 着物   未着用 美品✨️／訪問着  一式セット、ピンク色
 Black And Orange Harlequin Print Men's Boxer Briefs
--
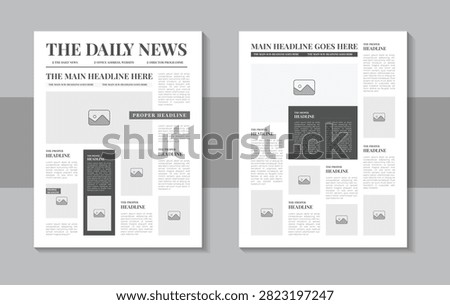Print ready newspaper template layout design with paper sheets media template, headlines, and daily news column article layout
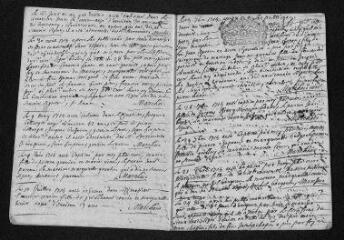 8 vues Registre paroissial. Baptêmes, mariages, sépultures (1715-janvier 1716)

# AIM OF THE TASK:
Exercise for the records above: copy only the lines from the one with "Print ready newspaper" to the one with "8 vues Registre", both ends kept, and drop the pictures.

# EXERCISE RESPONSE:
Print ready newspaper template layout design with paper sheets media template, headlines, and daily news column article layout
 8 vues Registre paroissial. Baptêmes, mariages, sépultures (1715-janvier 1716)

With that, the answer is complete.